| About this exercise |
The expected output is the first line of the data below and every line after it, up to and including the line containing "儿童书架置物架落k地多层办公室转角收纳柜书桌旁窄柜桌下杂物柜", each reproduced exactly.

[[ Input data, beginning ]]

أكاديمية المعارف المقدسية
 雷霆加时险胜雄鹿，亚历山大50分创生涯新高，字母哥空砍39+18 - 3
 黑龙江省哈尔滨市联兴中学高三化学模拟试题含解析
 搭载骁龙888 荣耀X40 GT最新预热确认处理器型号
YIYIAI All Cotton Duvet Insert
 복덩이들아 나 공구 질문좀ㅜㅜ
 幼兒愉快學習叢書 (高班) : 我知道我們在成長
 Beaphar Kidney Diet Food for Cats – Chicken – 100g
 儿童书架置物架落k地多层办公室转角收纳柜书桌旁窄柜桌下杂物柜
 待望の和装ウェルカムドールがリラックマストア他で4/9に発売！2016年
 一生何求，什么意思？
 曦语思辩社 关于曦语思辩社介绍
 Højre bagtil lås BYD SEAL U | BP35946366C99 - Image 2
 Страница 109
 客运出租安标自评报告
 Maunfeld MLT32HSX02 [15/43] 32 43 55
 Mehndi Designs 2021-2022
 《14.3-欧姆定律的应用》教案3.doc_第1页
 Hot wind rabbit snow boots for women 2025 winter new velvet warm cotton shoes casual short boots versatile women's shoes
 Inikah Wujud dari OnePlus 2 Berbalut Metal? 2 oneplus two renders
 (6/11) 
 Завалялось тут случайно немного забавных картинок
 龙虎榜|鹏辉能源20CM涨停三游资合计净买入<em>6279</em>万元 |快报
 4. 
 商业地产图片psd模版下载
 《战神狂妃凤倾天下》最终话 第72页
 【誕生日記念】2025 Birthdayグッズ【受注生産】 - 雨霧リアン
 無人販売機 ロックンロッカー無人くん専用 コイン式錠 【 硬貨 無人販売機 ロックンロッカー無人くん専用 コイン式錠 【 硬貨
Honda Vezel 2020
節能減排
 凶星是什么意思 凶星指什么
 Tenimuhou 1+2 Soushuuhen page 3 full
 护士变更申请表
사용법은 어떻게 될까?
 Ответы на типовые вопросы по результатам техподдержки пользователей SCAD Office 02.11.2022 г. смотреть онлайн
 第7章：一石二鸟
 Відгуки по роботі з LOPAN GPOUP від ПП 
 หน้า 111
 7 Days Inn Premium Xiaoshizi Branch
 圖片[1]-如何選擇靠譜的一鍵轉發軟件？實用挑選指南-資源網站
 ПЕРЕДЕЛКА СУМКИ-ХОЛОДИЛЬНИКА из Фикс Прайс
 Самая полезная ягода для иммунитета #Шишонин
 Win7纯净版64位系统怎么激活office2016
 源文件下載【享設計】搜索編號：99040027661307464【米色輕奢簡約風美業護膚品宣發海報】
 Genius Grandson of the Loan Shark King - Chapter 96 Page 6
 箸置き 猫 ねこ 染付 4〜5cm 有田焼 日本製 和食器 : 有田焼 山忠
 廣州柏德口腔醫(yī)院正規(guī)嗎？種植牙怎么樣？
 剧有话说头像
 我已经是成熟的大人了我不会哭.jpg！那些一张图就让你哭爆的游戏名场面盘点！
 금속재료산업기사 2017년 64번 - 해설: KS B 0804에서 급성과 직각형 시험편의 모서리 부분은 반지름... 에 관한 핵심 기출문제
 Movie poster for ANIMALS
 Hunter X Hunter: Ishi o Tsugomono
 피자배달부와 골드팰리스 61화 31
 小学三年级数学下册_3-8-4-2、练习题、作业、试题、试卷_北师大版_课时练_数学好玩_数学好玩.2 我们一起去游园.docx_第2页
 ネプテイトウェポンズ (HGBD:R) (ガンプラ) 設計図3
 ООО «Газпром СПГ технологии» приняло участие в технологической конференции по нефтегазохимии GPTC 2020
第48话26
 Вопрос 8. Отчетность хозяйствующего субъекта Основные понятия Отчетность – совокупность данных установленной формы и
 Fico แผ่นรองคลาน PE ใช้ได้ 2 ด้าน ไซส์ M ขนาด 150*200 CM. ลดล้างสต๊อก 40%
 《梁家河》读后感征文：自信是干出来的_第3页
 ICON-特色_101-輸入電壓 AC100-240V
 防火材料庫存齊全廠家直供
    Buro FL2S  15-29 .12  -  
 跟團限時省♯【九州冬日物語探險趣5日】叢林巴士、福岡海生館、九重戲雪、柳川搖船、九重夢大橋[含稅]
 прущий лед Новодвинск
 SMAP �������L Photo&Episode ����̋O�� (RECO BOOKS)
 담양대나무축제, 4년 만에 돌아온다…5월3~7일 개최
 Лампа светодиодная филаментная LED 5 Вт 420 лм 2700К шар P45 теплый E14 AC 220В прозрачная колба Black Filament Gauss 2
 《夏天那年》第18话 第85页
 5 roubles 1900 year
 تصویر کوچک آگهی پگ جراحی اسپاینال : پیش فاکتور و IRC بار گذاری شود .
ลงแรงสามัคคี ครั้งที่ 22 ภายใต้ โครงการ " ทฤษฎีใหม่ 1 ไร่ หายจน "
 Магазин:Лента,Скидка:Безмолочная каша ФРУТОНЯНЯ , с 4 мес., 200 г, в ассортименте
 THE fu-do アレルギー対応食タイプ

[[ Input data, end ]]

| Reply |
أكاديمية المعارف المقدسية
 雷霆加时险胜雄鹿，亚历山大50分创生涯新高，字母哥空砍39+18 - 3
 黑龙江省哈尔滨市联兴中学高三化学模拟试题含解析
 搭载骁龙888 荣耀X40 GT最新预热确认处理器型号
YIYIAI All Cotton Duvet Insert
 복덩이들아 나 공구 질문좀ㅜㅜ
 幼兒愉快學習叢書 (高班) : 我知道我們在成長
 Beaphar Kidney Diet Food for Cats – Chicken – 100g
 儿童书架置物架落k地多层办公室转角收纳柜书桌旁窄柜桌下杂物柜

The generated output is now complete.